U.S. House approved hemp amendment to farm bill but the bill died anyway
06/20/2013 05:29 PM
While the full farm bill failed in the U.S. House on Thursday, a majority of did vote for an amendment that would allow the University of Kentucky to grow hemp as called for by a state law the General Assembly approved earlier this year.
The amendment, which passed by a 225-200 vote earlier in the day, would have applied to colleges and universities in other states that have approved the cultivation and regulation of hemp, which has been against federal law since after World War II. The other states include Colorado, Maine, Montana, North Dakota, Oregon, Vermont, Washington and West Virginia.
The amendment vote was a key signal that allowing hemp cultivation could be politically feasible in Congress. However, the farm bill, itself, failed 195-234 as Republicans and Democrats feuded over food-stamp funding, among other provisions.
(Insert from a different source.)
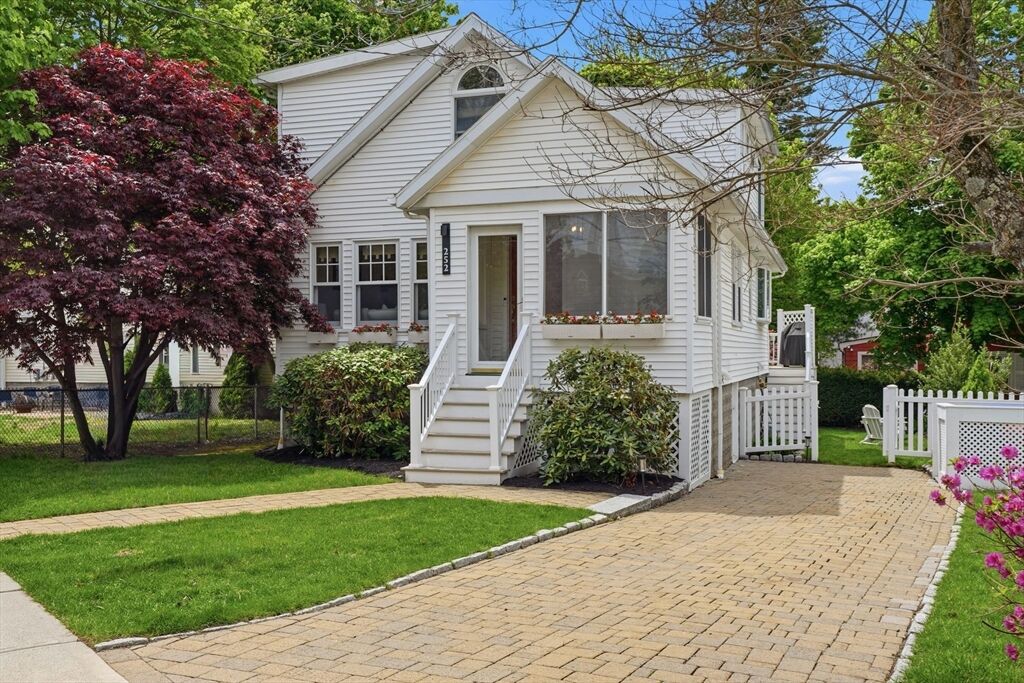 Property Photo:  252 Washington St  MA 02474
Northern Kentucky Republican Congressman Thomas Massie co-sponsored the hemp amendment with Democratic U.S. Reps. Jared Polis of Colorado and Earl Blumenauer of Oregon.
“Industrial hemp is used for hundreds of products including paper, clothing, rope, and can be converted into renewable bio-fuels more efficiently than corn or switch grass,” Massie said in a statement. “It’s our goal that the research this amendment enables would further broadcast the economic benefits of the sustainable and job-creating crop.”
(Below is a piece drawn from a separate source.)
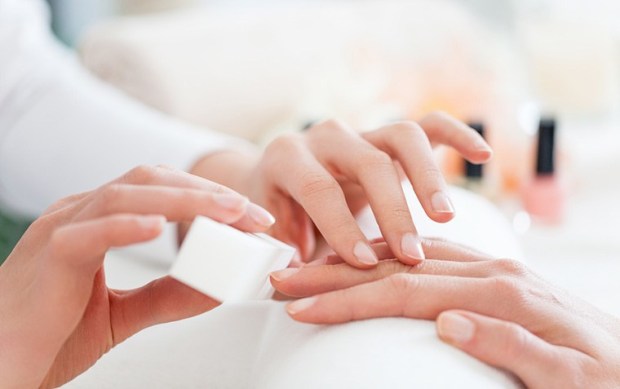 3 Reasons Why You Should Opt for a Waterless Manicure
In addition, U.S. Rep. Andy Barr, R-Lexington, spoke in favor of the amendment on the House floor Thursday.
“Kentucky was once the nation’s leading producer of industrial hemp,” Barr said. “While the uses of hemp have grown significantly since Kentucky’s peak production in the mid-nineteenth century, the U.S. must now import much of the crop. Kentucky deserves this opportunity to demonstrate the usefulness and viability of this crop for our farmers, and the hope this bill now offers.”
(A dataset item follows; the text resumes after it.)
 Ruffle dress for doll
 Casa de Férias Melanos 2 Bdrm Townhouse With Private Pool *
Five of Kentucky’s U.S. representatives supported the amendment. In addition to Massie and Barr, Democratic U.S. Rep. John Yarmuth of Louisville and Republican Reps. Ed Whitfield of Hopkinsville and Brett Guthrie of Bowling Green voted for it.
U.S. Rep. Hal Rogers, R-Somerset, voted against it. Rogers has previously voiced concern that the crop could allow for greater cultivation of marijuana because both are canibus plants.